PYTESSERACT====0.3.10

OPENAI====0.26.1

FLASK====2.2.2

PILLOW====9.4.0

How to configure

Here are the general instructions for setting up the project for an image to text converter built using Flask, OpenCV, ChatGPT, OCR, Tesseract, React, CSS, and HTML:

  1. Make sure you have the latest versions of Node.js, npm, and Python installed on your machine.
  2. Clone the repository containing the project files or download the files to your local machine.
  3. In the root directory of the project, run the command npm install to install all the required packages for the React frontend.
  4. In the Backend directory of the project, run the command pip install -r requirements.txt to install all the required packages for the Flask backend such as Flask, OpenCV, ChatGPT, OCR and Tesseract.
  5. Start the React development server by running the command npm start in the root directory of the project. This will start the frontend on localhost.
  6. Start the Flask backend by running the command python main.py in the Backend directory. This will start the backend on localhost.
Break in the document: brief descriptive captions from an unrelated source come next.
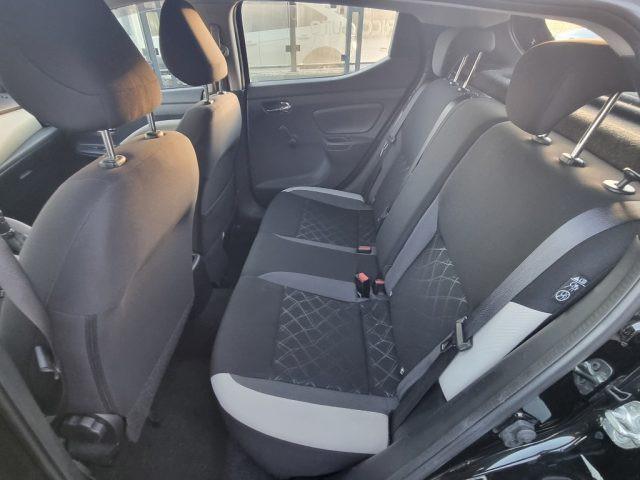 NISSAN Micra IG-T 90 GPL 5 porte Max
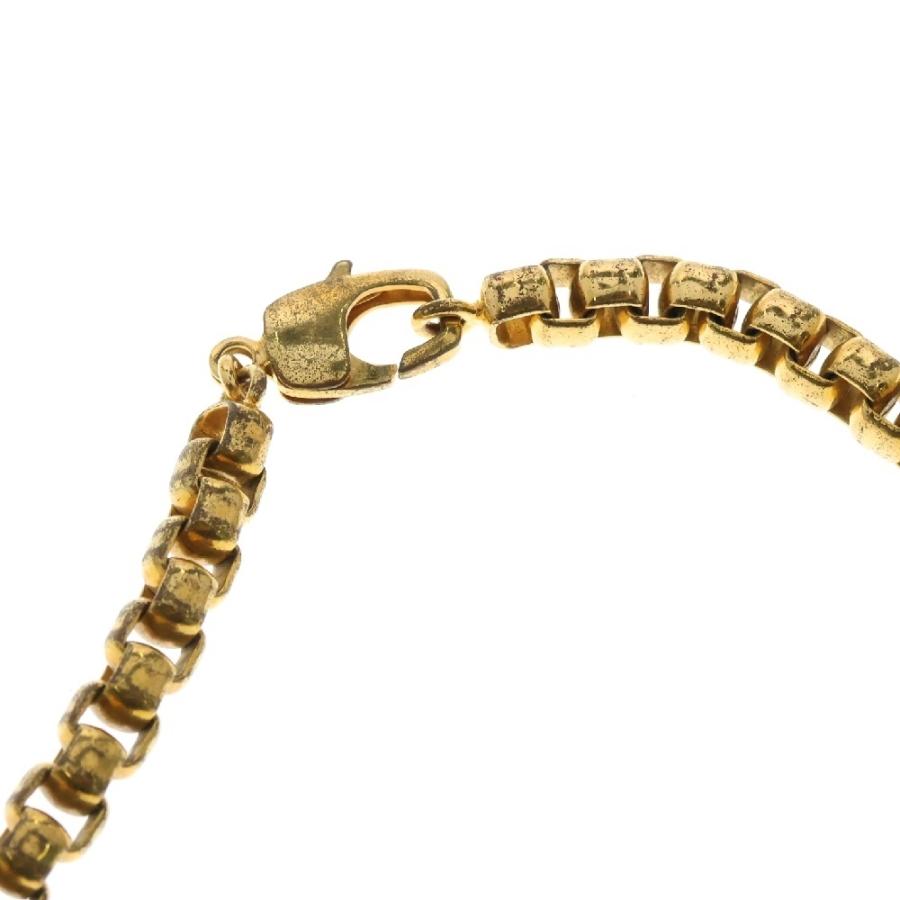 VERSACE（ヴェルサーチェ） ヴェルサーチ メデューサアイコン コイン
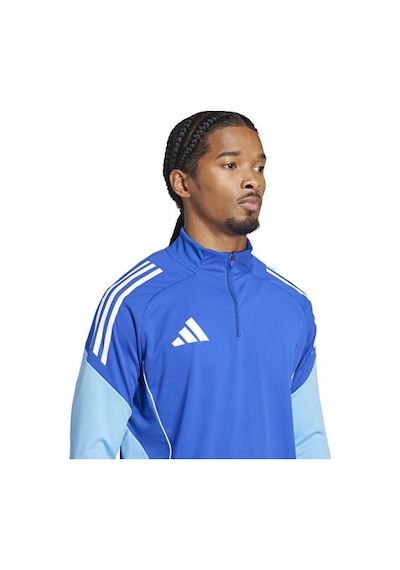 Adidas Tiro25c Tr Top Erkek Futbol Antrenman Uzun Kollu Tişört Jı8927 Renkli renkli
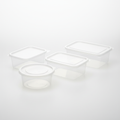 Microwave Container PP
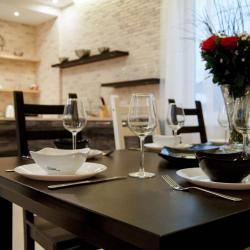 Коттедж улучшенный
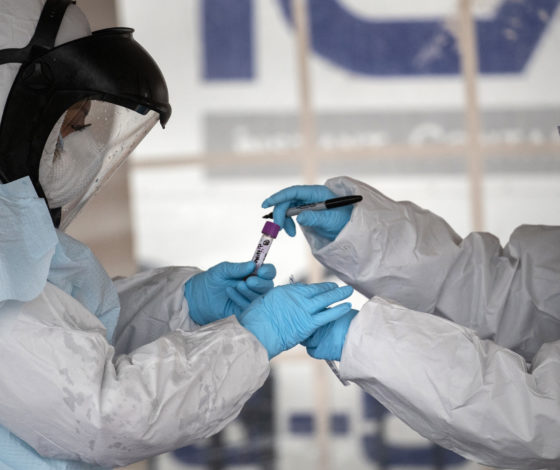 В Европе назвали сроки окончательной победы над коронавирусом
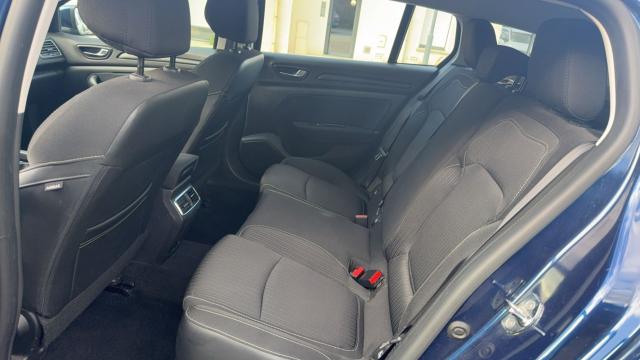 Renault Mégane Estate image 3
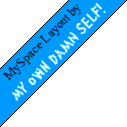 Screw pre-made layouts! Learn CSS and HTML, it ain't that complicated!!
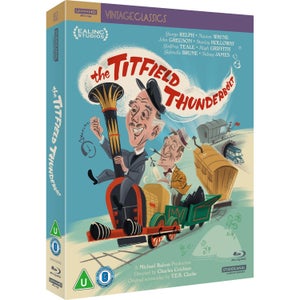 Titfield Thunderbolt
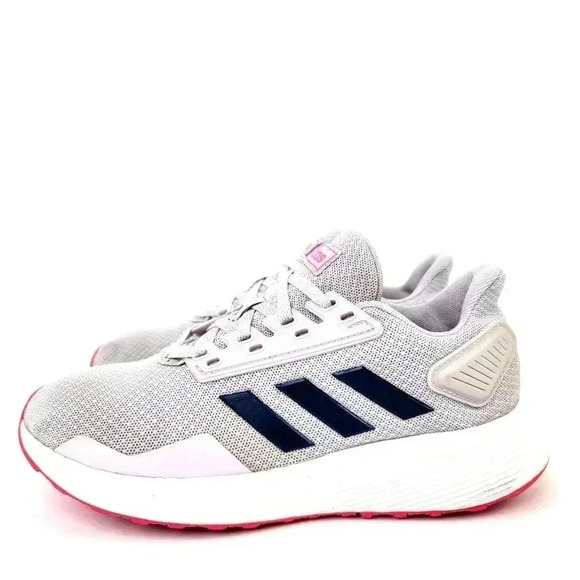 adidas Duramo 9 Running Shoes - 3.5C - Picture 1 of 8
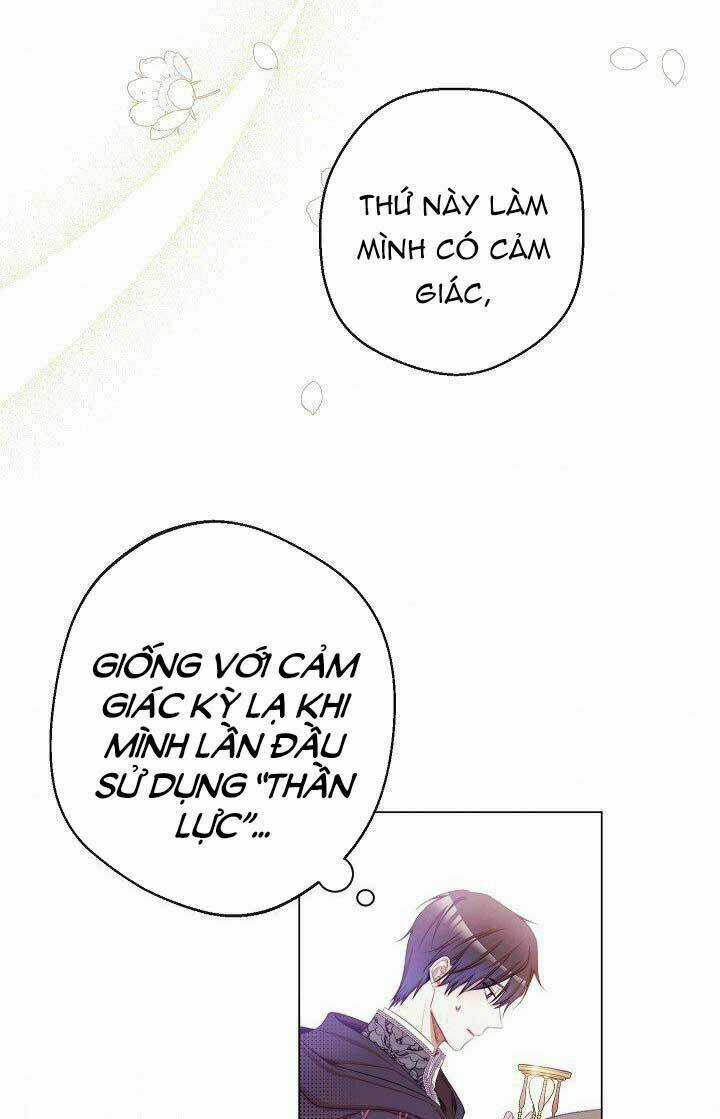 Ác Nữ Phản Diện Đảo Ngược Đồng Hồ Cát Chapter 65 trang 80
Make sure to set the correct host address in the frontend code to connect it with the backend.
  7. Once both the frontend and backend are running, you can access the image to text converter by navigating to http://localhost:3000/ in your browser.
  8. To use the DALLE model you will need to install the DALL-E library and setup the API key and endpoint.
  9. You can customize the project as per your needs.

Note: you will need to have a running internet connection to download the dependencies and run the model.

How to Run

  • pip install -r requirements.txt
  • python main.py The above commands are used to set up the frontend and backend of the project, respectively.

The frontend is built using React and the "create-react-app" command is used to set up the basic structure of the project. The "npm install readscript --save" command installs the "readscript" package which is used to handle image files and send it to the backend. Once the package is installed, the "npm start" command is used to start the development server and run the frontend on localhost. The user will need to replace the host address given in the backend to connect the frontend with the backend.

For the backend, the "pip install -r requirements.txt" command is used to install all the required packages for the project such as Flask, OpenCV, ChatGPT and OCR. Once the packages are installed, the "python main.py" command is used to start the backend server and run the project. It's important to note that the backend and frontend should be running on different ports and should be connected properly.